Mary Lynne got that expression on her face.

"Al," she said dangerously.

Her brother shrugged and snapped his fingers twice more. The set shut itself off.

Mary Lynne's expression cleared. She was not a pretty girl, but she was a pleasant-looking one. The no-midriff fashion was kind to her; she still had a nice figure.

"Al," she said, but smiling now, "Al, guess what! Jimmy and I want to get married!"

"Oh-ho," said her brother, and he stood up in order to take a better look.

Even standing, he had to look up at this man James Croy. Croy was big. Six feet ten or eleven at the least, and his hair was snow white. Still, thought Alden Edkin, the man's face didn't look old. Maybe he was platinum blond. Al snorted, for he didn't hold with men dyeing their hair, common though the practice was.

He asked accusingly, "How come 1 never met him before?"

"Now, Al-"

"How come?"

Mary Lynne blushed. "Well, Al, there hasn't been much chance for you to meet."

"Oh-ho," said her brother again. "You just met him yourself."

"But I love him, Al!" cried Mary Lynne, clutching at the tall man's arm. 'He's-he-oh, I can't explain it. But I love him!"

"Sure you do," said her brother. "You love him. But what do you know about him?"

"I know enough!" -

Alden said sternly, "Family, Mary Lynne! Marriage isn't just between two people. We come of good stock and we can't marry just anybody. Think of the children you may have! Our family-"

"Our family!" echoed his sister. "What's so special about our family? How many times have you said that Aunt Nora-"
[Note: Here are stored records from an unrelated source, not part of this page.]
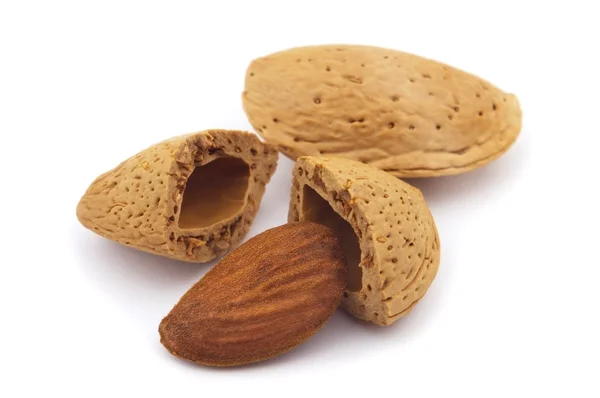 Dried almond — Stock Photo, Image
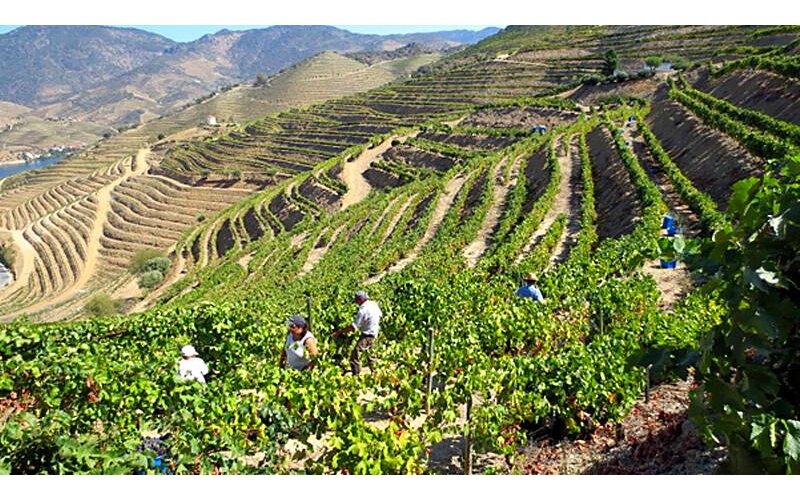 Quinta do Vesuvio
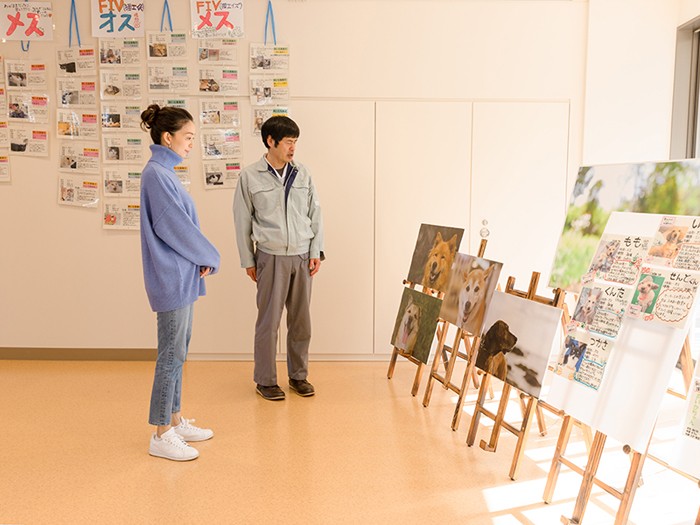 ２階のホールには、犬や猫たちを紹介する写真やカードが飾られていた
"Mary Lynne!" Alden warned. She paused. He said, "No offense, Mr. Croy. But what do we know? You may be after her money, for all we can tell."

The large man cleared his throat and straightened the crease in his Bermudas. He said modestly, "I assure you, Mr. Edkin, I am not interested in money."

"But you'd say that anyhow. Wouldn't you? Not that there's much cash. But there's this big house-Mary Lynne's and mine. And, Mary, you have to think of what Mother and Dad would want. They didn't leave you this big house-it will be yours when I'm gone-so that some adventurer could come along and-"

"Alden!" Mary Lynne was furious. She turned to the man she loved apologetically, but he was merely looking politely concerned. She whirled on her brother. "Apologize to Jimmy!"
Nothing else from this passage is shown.